Inmarsat Launches Its Second Broadband Satellite
Inmarsat Launches Its Second Broadband Satellite.
Inmarsat-4 F2 lifts off: Inmarsat's satellite-based broadband communications system is two-thirds complete. The spring launch of F1 covered Europe, Africa, the Middle East, Asia, and the Indian Ocean. Today's launch from the Sea Launch platform near the equator adds South America, most of North America, the Atlantic Ocean, and parts of the Pacific. That leaves a large unserved overseas swath for Asia-Pacific flights and maritime activities, but it's probably the least dense area for the broadband service Inmarsat will deliver.
The birds require shakedown time, and services will lag launches by many months. The first service to launch will be Broadband Global Area Network or BGAN, offering broadband speeds with a portable terminal anywhere within the coverage range of the satellites. The system uses spot and broader focus beams that can be repointed where capacity requires.

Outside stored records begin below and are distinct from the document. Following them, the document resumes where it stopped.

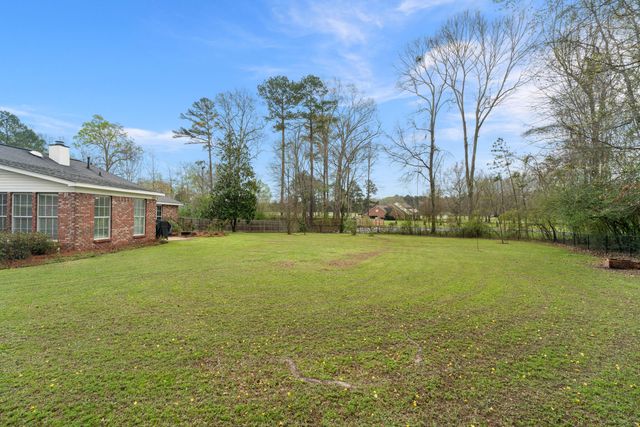 537 Parkview Cove, Richland, MS 39218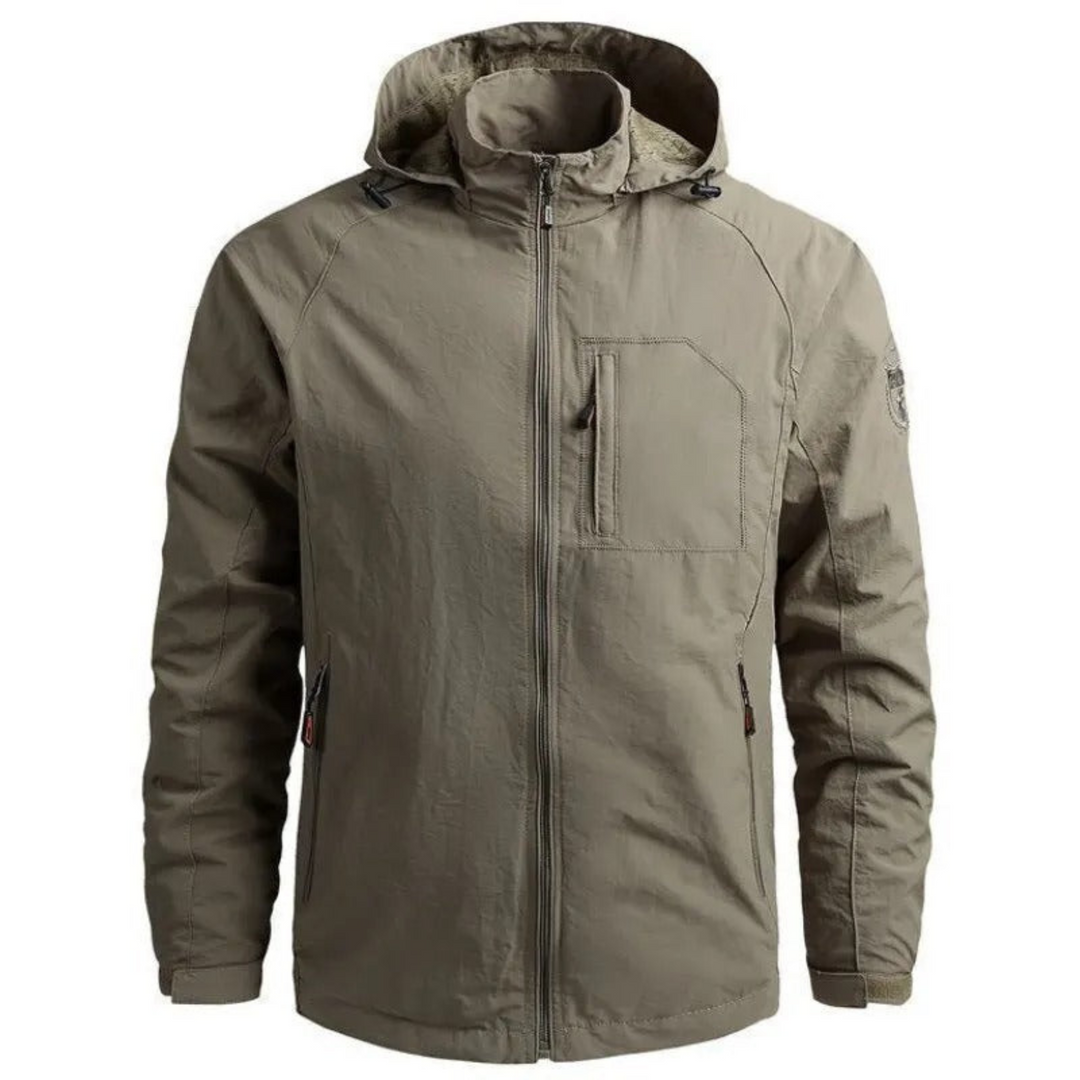 Veste cargo homme légère, verte, avec poches pratiques et capuche, idéale pour aventure estivale, imperméable, urbaine ou nat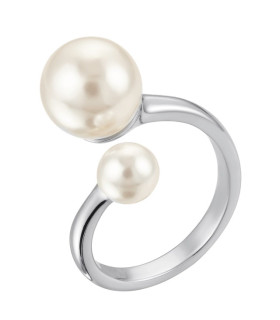 Кольцо с жемчугом в серебре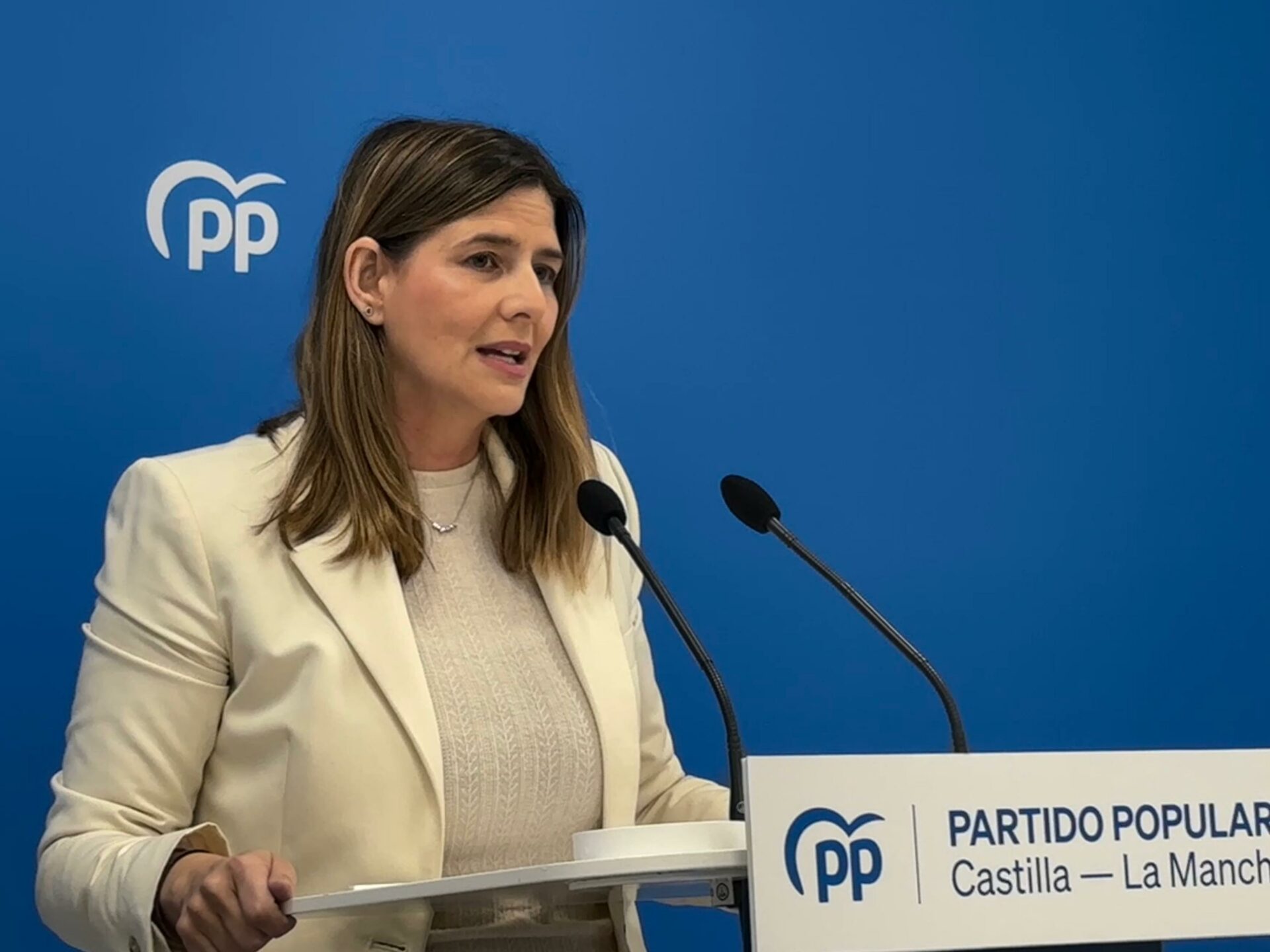 Agudo confirma que las 20 medidas “reales, efectivas y fiscales” del PP en materia de vivienda paliarán el grave problema que sufren los vecinos de la región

For in-flight purposes, OnAir, the joint venture of Airbus, SITA, and the former Tenzing will deploy using this service late next year to bring roughly 500 Kbps to 2 Mbps of symmetrical, guaranteed-per-plane service. The aeronautical service on the satellites will come online later than terrestrial. And the launch next year of the third satellite means that early service will focus on European overwater routes to the US and overland to Asia and down south to other continents.